- Location in Oglala Lakota County and the state of South Dakota
- Coordinates: 43°25′28″N 102°10′48″W﻿ / ﻿43.42444°N 102.18000°W
- Country: United States
- State: South Dakota
- County: Oglala Lakota

Area
- • Total: 1.53 sq mi (3.95 km^{2})
- • Land: 1.47 sq mi (3.82 km^{2})
- • Water: 0.050 sq mi (0.13 km^{2})
- Elevation: 2,910 ft (890 m)

Population (2020)
- • Total: 943
- • Density: 639.5/sq mi (246.92/km^{2})
- Time zone: UTC-7 (Mountain (MST))
- • Summer (DST): UTC-6 (MDT)
- ZIP code: 57752
- Area code: 605
- FIPS code: 46-34460
- GNIS feature ID: 2393072

= Kyle, South Dakota =

Kyle (Lakota: Phežúta ȟaká; "Branched Medicine") is a census-designated place (CDP) in Oglala Lakota County, South Dakota, United States. Its population was 943 at the 2020 census. Located within the Pine Ridge Indian Reservation of the Oglala Lakota, it is one of two settlements which are closest to the North American continental pole of inaccessibility.

The community was named for James H. Kyle, a Senator from South Dakota.

==Geography==
According to the United States Census Bureau, the CDP has a total area of 2.0 sqmi, all land.

In North America, the continental pole of inaccessibility is between Kyle and Allen, located 1650 km from the nearest coastline at .

==Demographics==

As of the census of 2000, there were 970 people, 205 households, and 168 families residing in the CDP.
The population density was 481.3 PD/sqmi. There were 219 housing units at an average density of 108.7 /sqmi. The racial makeup of the CDP was 94.43% Native American, 5.15% White, and 0.41% from two or more races. Hispanic or Latino of any race were 1.13% of the population.

There were 205 households, out of which 53.7% had children under the age of 18 living with them, 36.6% were married couples living together, 34.1% had a female householder with no husband present, and 17.6% were non-families. 13.7% of all households were made up of individuals, and 1.0% had someone living alone who was 65 years of age or older. The average household size was 4.46 and the average family size was 4.88.

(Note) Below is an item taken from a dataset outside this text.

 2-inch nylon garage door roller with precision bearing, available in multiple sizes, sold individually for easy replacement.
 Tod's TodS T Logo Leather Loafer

In the CDP, the population was spread out, with 45.4% under the age of 18, 9.9% from 18 to 24, 29.4% from 25 to 44, 11.5% from 45 to 64, and 3.8% who were 65 years of age or older. The median age was 21 years. For every 100 females, there were 97.2 males. For every 100 females age 18 and over, there were 105.4 males.

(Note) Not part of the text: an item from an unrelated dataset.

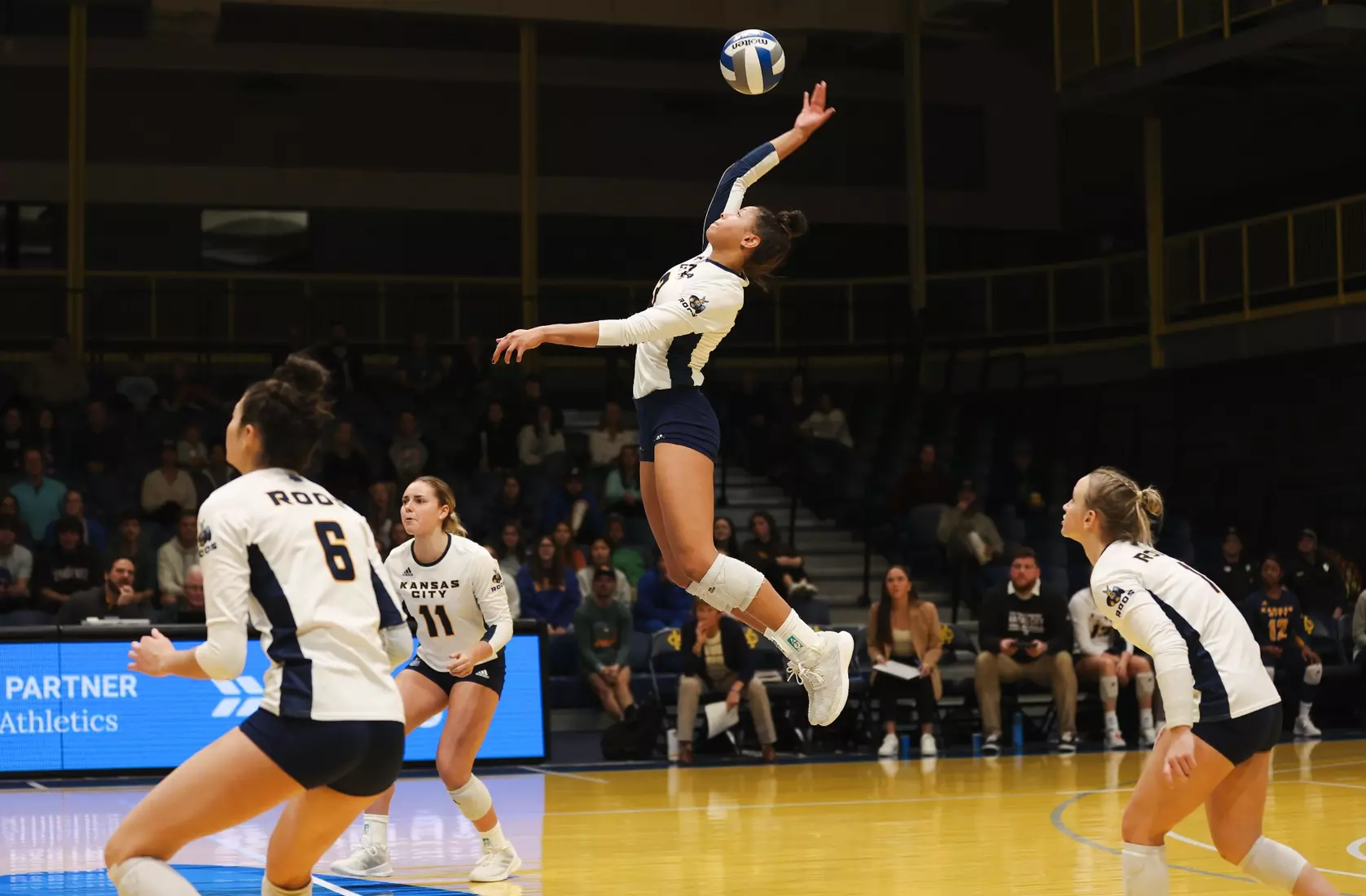 Kansas City Volleyball fell to Omaha in four sets on Nov. 2, 2023.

The median income for a household in the CDP was $26,750, and the median income for a family was $27,000. Males had a median income of $21,953 versus $13,710 for females. The per capita income for the CDP was $7,415. About 42.1% of families and 35.7% of the population were below the poverty line, including 43.2% of those under age 18 and 17.4% of those age 65 or over.

Historical population
| Census | Pop. | Note | %± |
| 1990 | 914 |  | — |
| 2000 | 970 |  | 6.1% |
| 2010 | 846 |  | −12.8% |
| 2020 | 943 |  | 11.5% |
U.S. Decennial Census

==Education==
The Little Wound School is administered by the tribe in association with the Bureau of Indian Education (BIE). It has elementary, middle, and high school grades, with a total of more than 900 students, who are primarily Oglala Lakota in ethnicity.

Oglala Lakota College is a tribal college in Kyle operated by the Lakota Nation.